Pour beaucoup de gens la nature est belle, mais muette et froide. Ils ne sont pas entrés avec elle en communion intime, ils n'entendent pas ses voix; l'esprit des eaux, celui des forêts, et des montagnes ne leur parle jamais. Ils voient la réalité de ses formes mais le grand secret des nuits étoilées leur échappe. Les joies que donne la contemplation de l'univers leur sont inconnues, et, ne les connaissant pas, ils ne peuvent ni les enseigner aux autres, ni les inviter à y participer….

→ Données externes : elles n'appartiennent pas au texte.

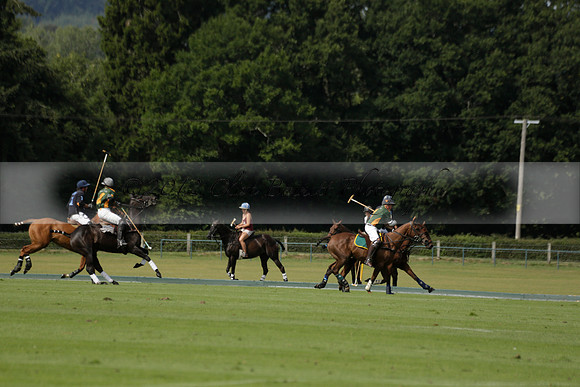 Maiz Dulce (green) v River (blue) in a Uber Polo Midsummer 12 goal polo match on Wednesday 21 August 2013 at Cowdray park Polo Club on Ambersham 2.  www.polopictures.co.uk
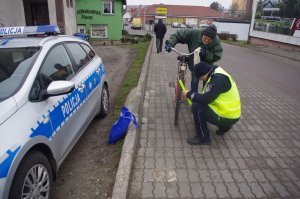 policjant zakłada odblaski na koła rowerowe, w tle zabudowania
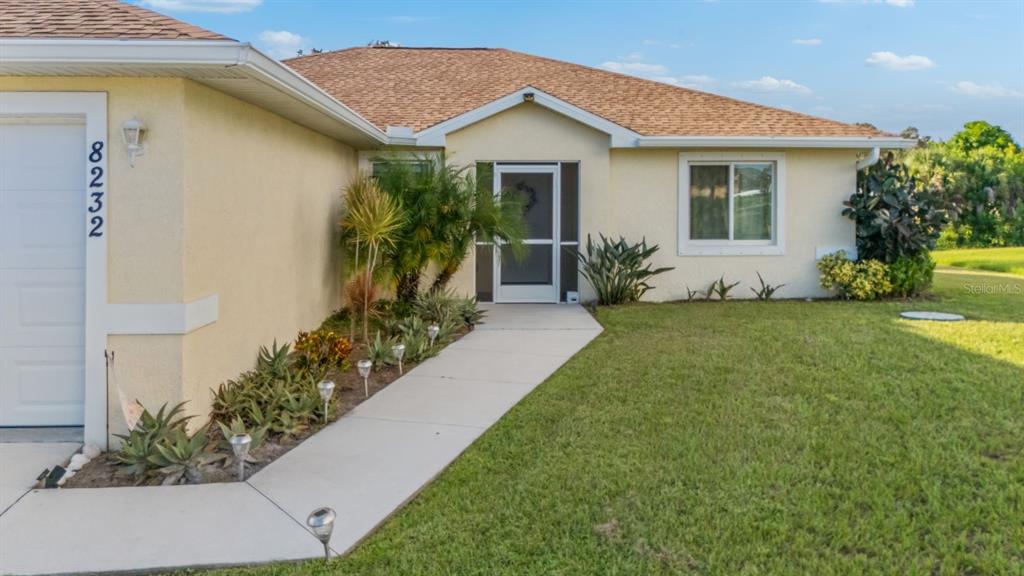 The exterior of a single-story house features a tan stucco facade, a walkway, and landscaping — 8232 WAWANA ROAD, NORTH PORT, FL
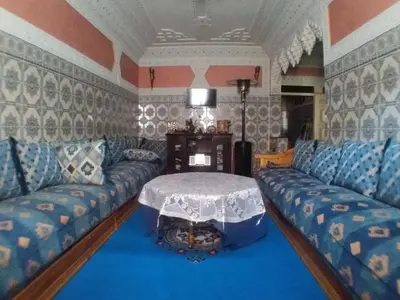 a living room with a couch and a table at House of Travelers in Marrakech in Marrakech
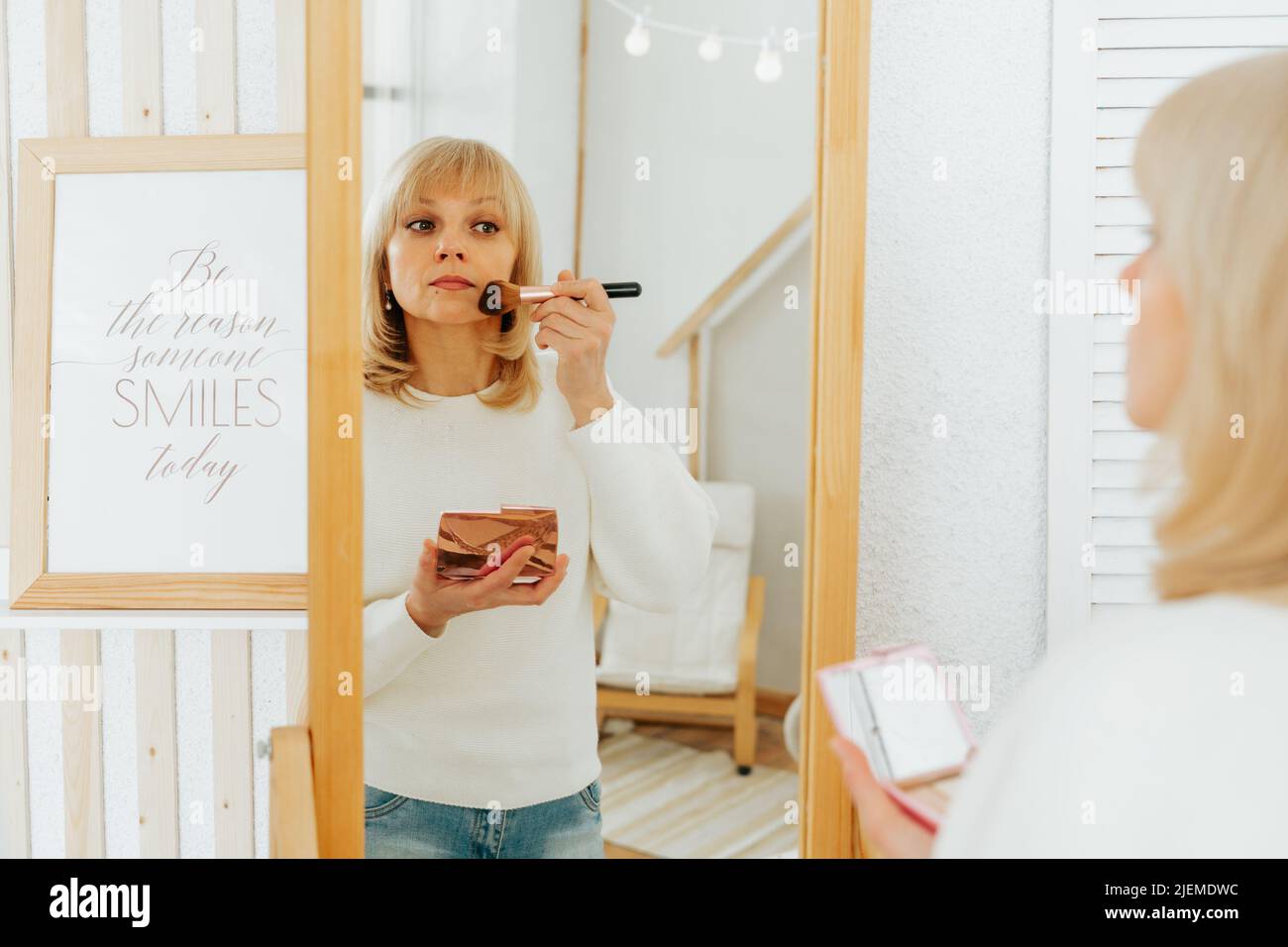 Beautiful smiling mature senior caucasian woman with blonde hair standing near mirror with make up palette and brush, doing makeup and looking at Stock Photo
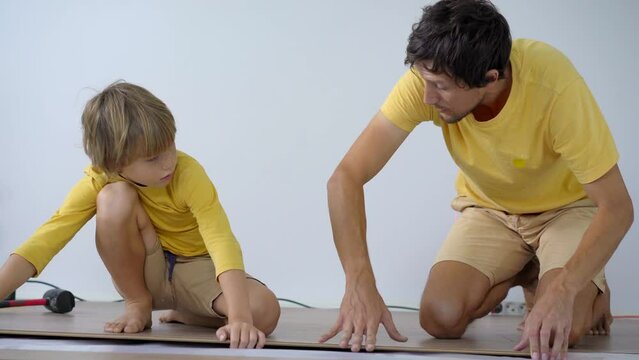 Father and his little son install laminate on the floor in their apartment. DIY concept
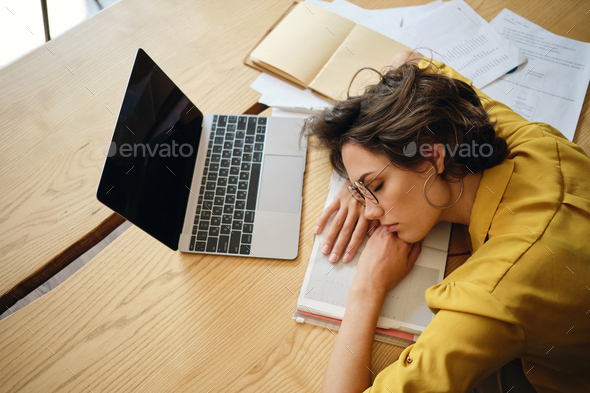 Top view of young tired woman dreamy fall asleep on desk with laptop and documents at workplace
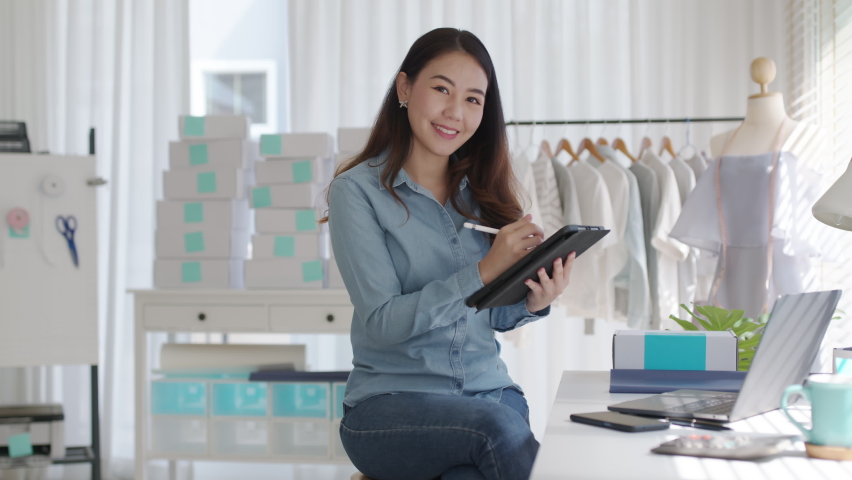 Portrait young attractive asia female owner startup business look at camera work happy with box at home prepare parcel delivery in sme supply chain, procurement, omnichannel commerce online concept. | Shutterstock HD Video #1068555368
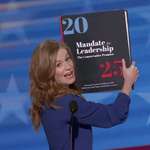 image for Mallory McMorrow holds up Project 2025 at the Democratic National Convention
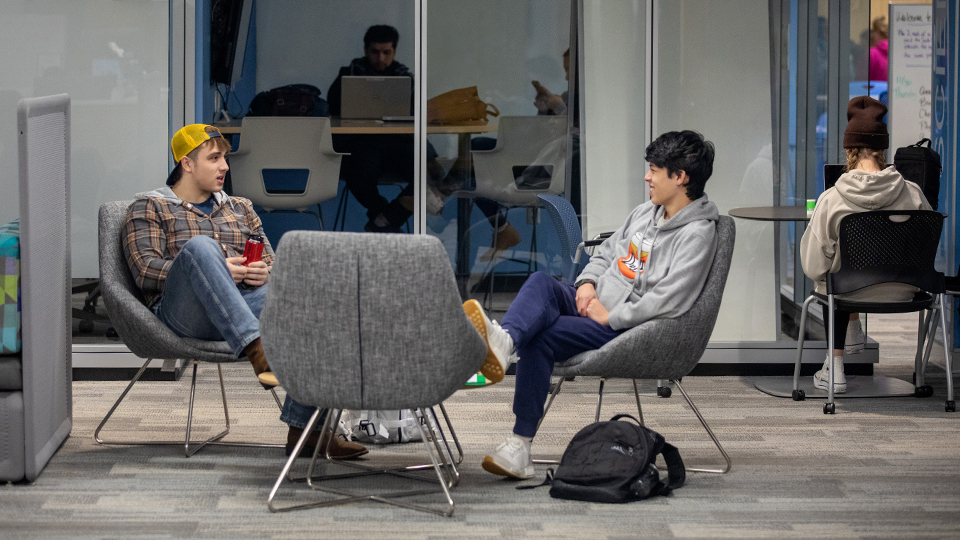 Students chatting in a study space lounge.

Combien d'hommes ne connaissent pas ce livre profond, ou se sont bornés à le feuilleter distraitement, absorbés qu'ils étaient par les menus incidents de la vie journalière! On les voit traverser presque automatiquement les plus beaux sites, calculant les kilomètres parcourus, l'heure du départ et celle de l'arrivée; mais leur âme ne sent pas la fraîcheur délicieuse des sources, cachées dans les forêts, et ils ne prêtent pas l'oreille au vent de la montagne qui leur apporte le salut des neiges éternelles…..

Il est nécessaire de respecter les bonheurs des autres et les nôtres propres. Une fausse morale et une fausse religiosité ont fait longtemps consister la vertu en une sorte de morosité austère. Rien ne lui a fait plus de tort; elle a ainsi éloigné d'elle les cœurs…. Nous avions été créés pour être heureux, et notre cœur rempli d'un si inextinguible besoin de bonheur s'en porte garant.

Or, ce besoin que la nature a mis dans nos âmes, il faut le respecter comme l'indice de notre origine divine; c'est la seule chose qui nous rattache à une existence meilleure et plus élevée. Les joies, même insignifiantes doivent être sacrées, et il faudrait éviter avec soin de les assombrir ou de les diminuer…

Les petites attentions sont des sources de joies auxquelles ont ne pense pas assez. La trame de la vie au fond est faite de petites choses, et le charme d'une pensée amicale ou gracieuse, se révélant dans les menus faits de l'existence quotidienne, s'exerce puissant et doux. Les femmes modernes, trop affairées, ont désappris cet art. J'en connais cependant une dernière représentante. Est-ce durant les rêves, ou les insomnies de la nuit que le désir d'être agréable aux autres se transforme dans son cerveau en idées ingénieuses? Mais chaque jour elle invente pour l'un ou l'autre de ses amis quelque attention minable. Elle étudie leurs goûts et s'efforce de les satisfaire matériellement et moralement. Elle connaît leurs déboires secrets et s'essaye à redonner l'espérance à leur secours. Ses pensées nobles et tendres, ses façons fines et caressantes ont mis un coin d'idéal dans plus d'une vie qui en manquait. Mince et frêle jusqu'à l'invraisemblance, avec des cheveux de neige, nul ne songe à demander son âge, tellement on sent qu'une éternelle jeunesse vit dans son coeur. D'autres ont accompli peut-être des actes héroïques, elle a donné des joies.

L'influence d'une parole de bonté tombant de certaines lèvres ne peut-être mesurée…..

Il suffit de réfléchir pour se convaincre que, soit dans l'ordre matériel, soit dans l'ordre moral, on néglige trop souvent les occasions de rendre les gens heureux.